*** Opening DATASET CONTENT ***

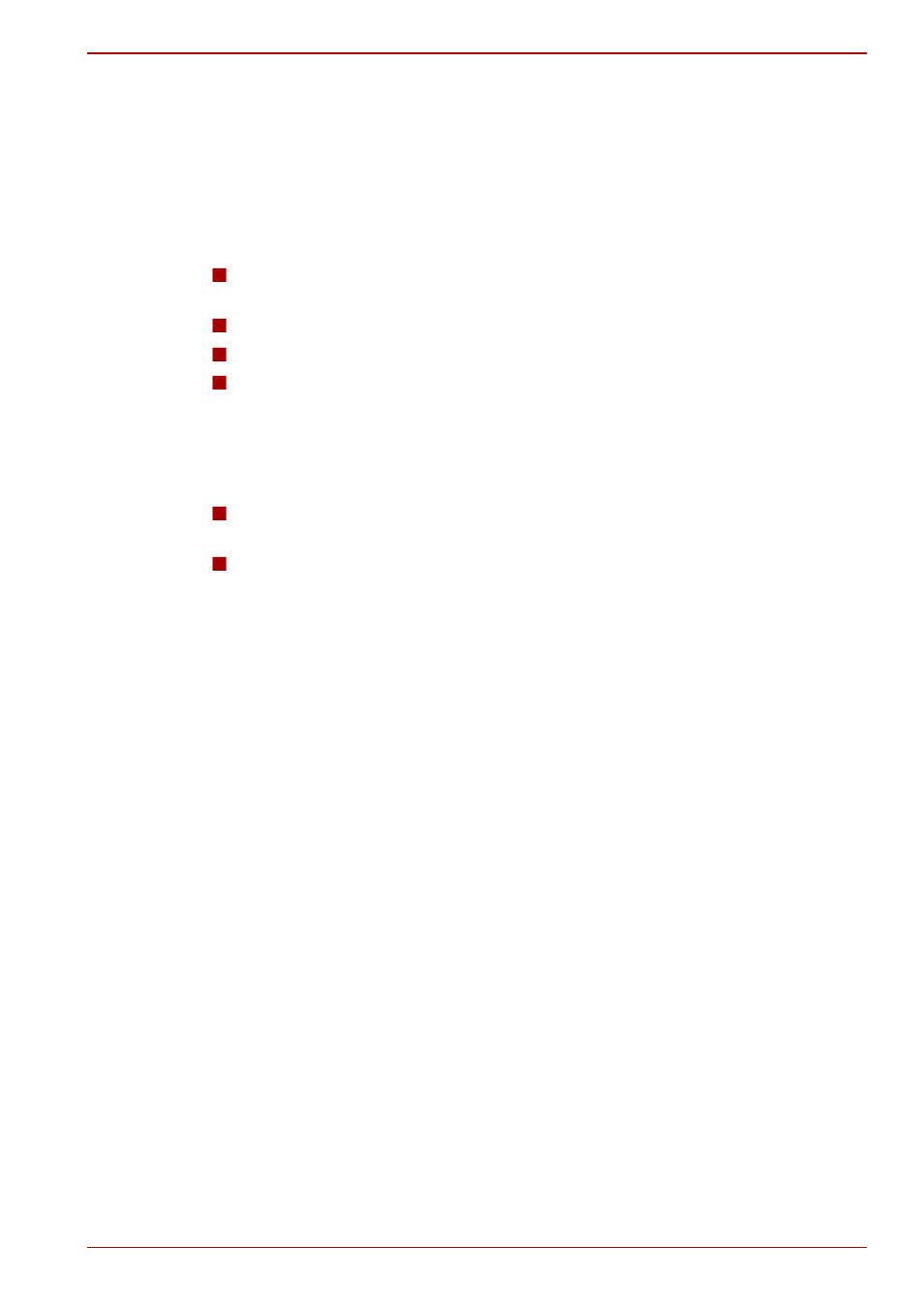Working environment | Toshiba Satellite T230 User Manual | Page 7 / 170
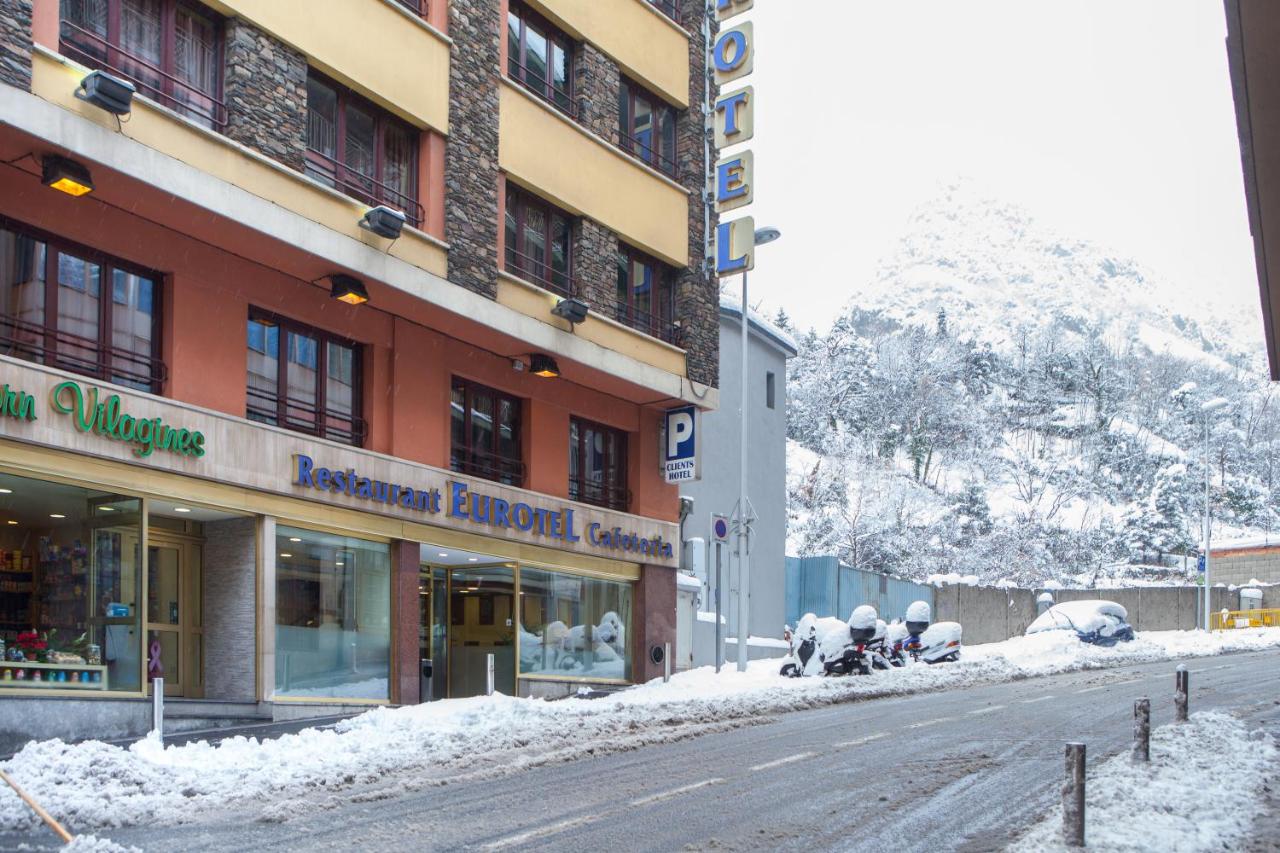 Insitu Eurotel Andorra photo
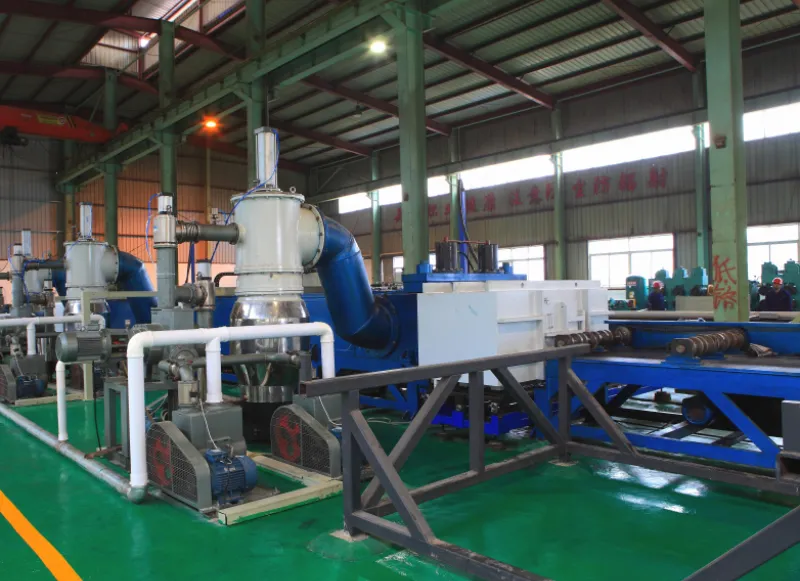 Hunan 3T's Manufacturing Facilities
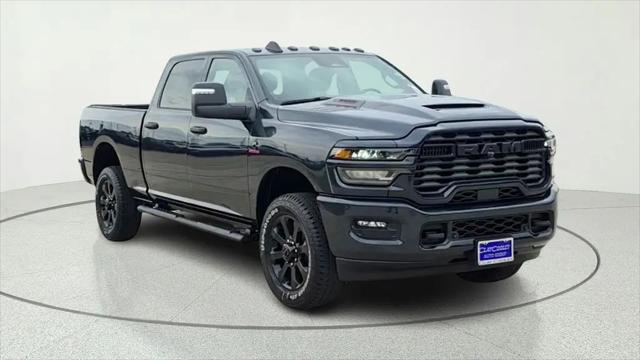 2026 Ram 2500 Black Express Crew Cab 4x4 6'4" Box for sale in Arlington, TX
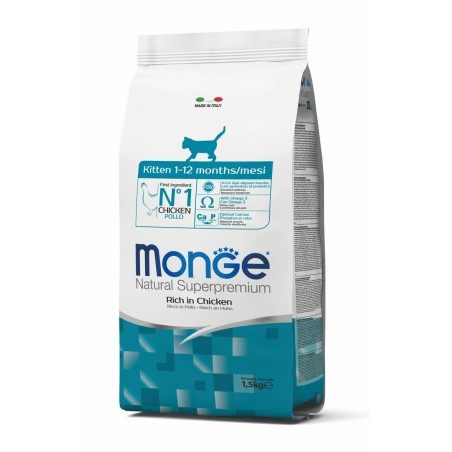 MONGE CAT KITTEN KG.1,5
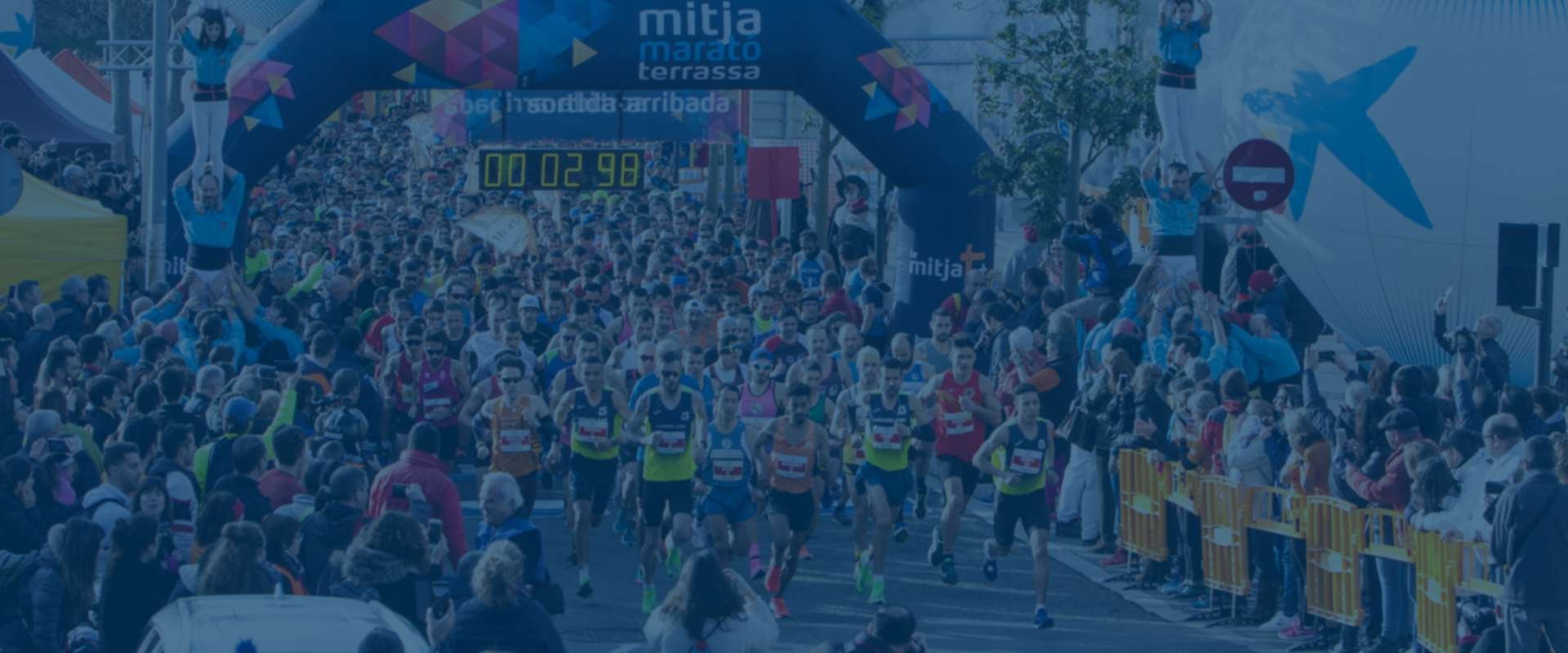 Terrassa - Barcelona International Half Marathon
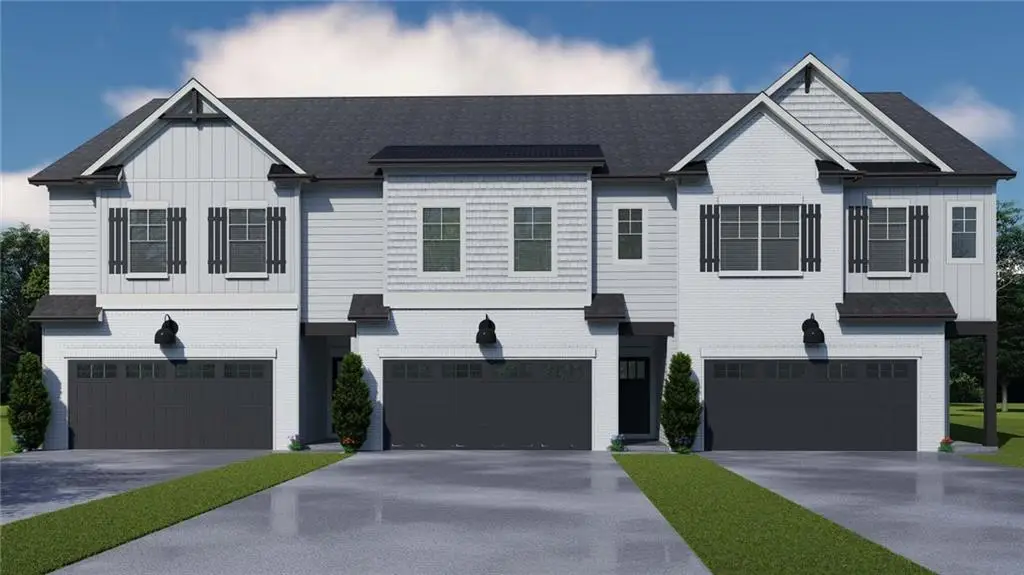 4182 Millstone Park Lane, Gainesville, GA 30504 - #1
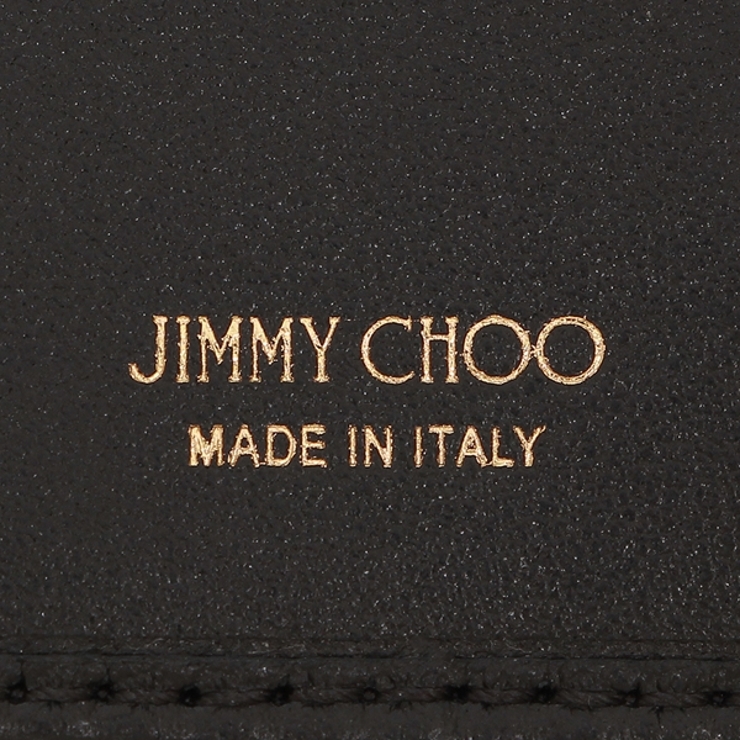 ジミーチュウキーケースネプチューンブラックレディースJIMMYCHOONEPTUNECZNCZNBLALIGGOL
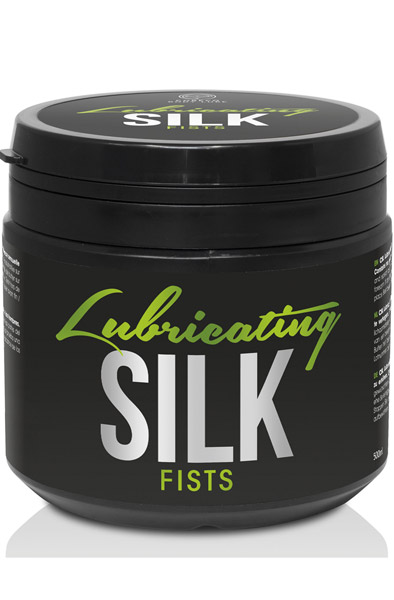 Cobeco Lubricating Silk Fists 500ml - Gleitmittel für Fisting / Analsex 2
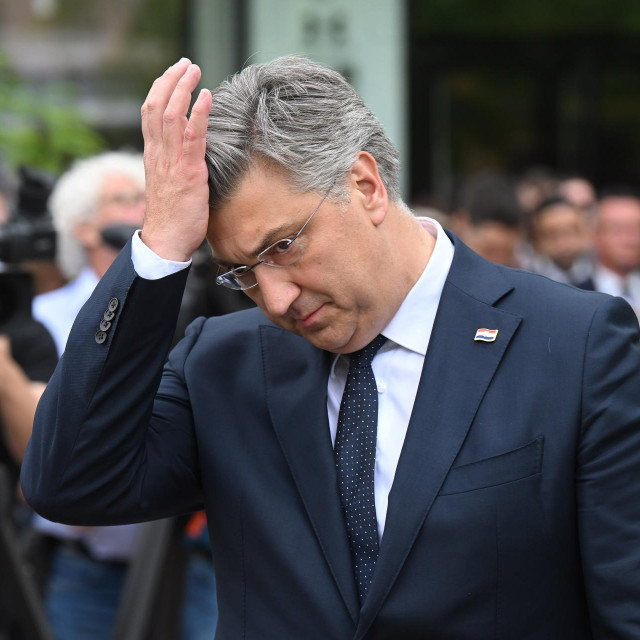 Andrej Plenković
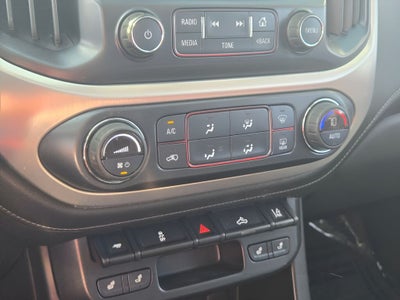 2016 GMC Canyon SLT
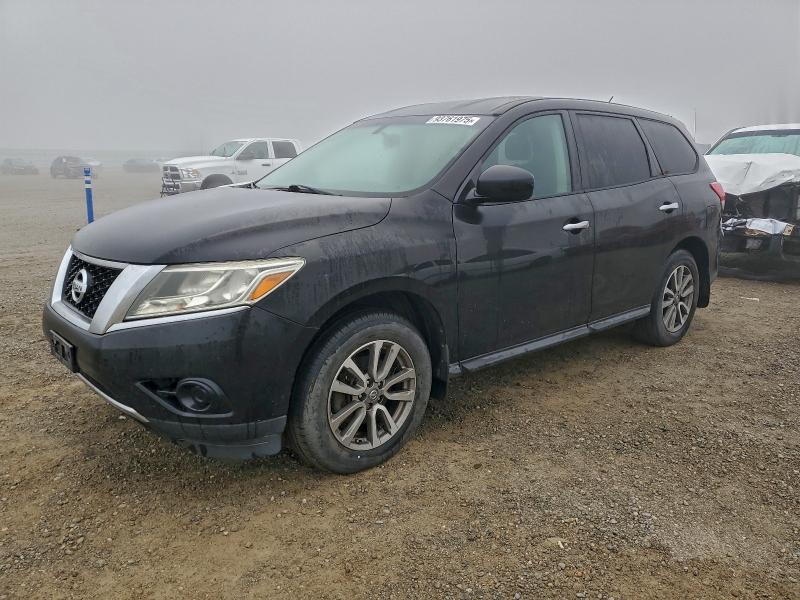 2014 NISSAN PATHFINDER #3311743759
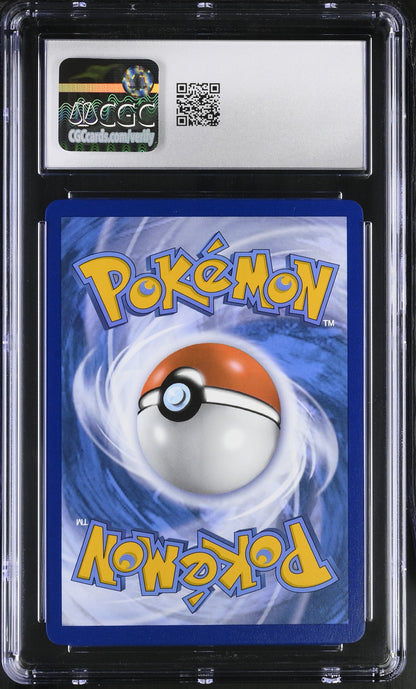 Starmie V CGC Graded Gem Mint 10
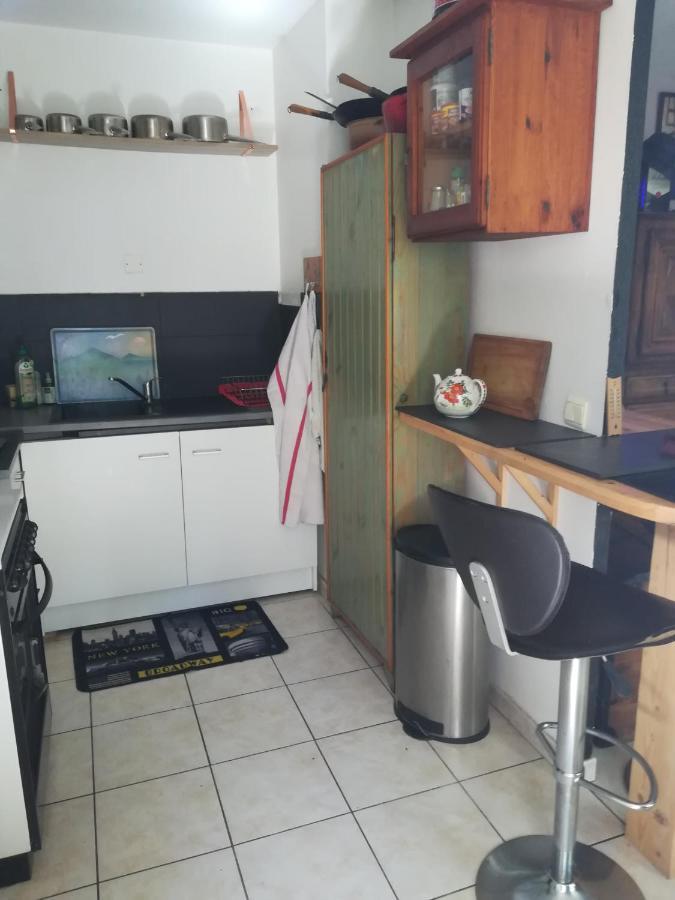Chez Fanny Chambres D'Hotes فوس-سور-مير المظهر الخارجي الصورة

*** Closing DATASET CONTENT ***

#### TASK STATEMENT
Repeat exactly, please: transcribe each entry and leave out the pictures.

#### EXERCISE SOLUTION
Working environment | Toshiba Satellite T230 User Manual | Page 7 / 170
 Insitu Eurotel Andorra photo
 Hunan 3T's Manufacturing Facilities
 2026 Ram 2500 Black Express Crew Cab 4x4 6'4" Box for sale in Arlington, TX
 MONGE CAT KITTEN KG.1,5
 Terrassa - Barcelona International Half Marathon
 4182 Millstone Park Lane, Gainesville, GA 30504 - #1
 ジミーチュウキーケースネプチューンブラックレディースJIMMYCHOONEPTUNECZNCZNBLALIGGOL
 Cobeco Lubricating Silk Fists 500ml - Gleitmittel für Fisting / Analsex 2
 Andrej Plenković
 2016 GMC Canyon SLT
 2014 NISSAN PATHFINDER #3311743759
 Starmie V CGC Graded Gem Mint 10
Chez Fanny Chambres D'Hotes فوس-سور-مير المظهر الخارجي الصورة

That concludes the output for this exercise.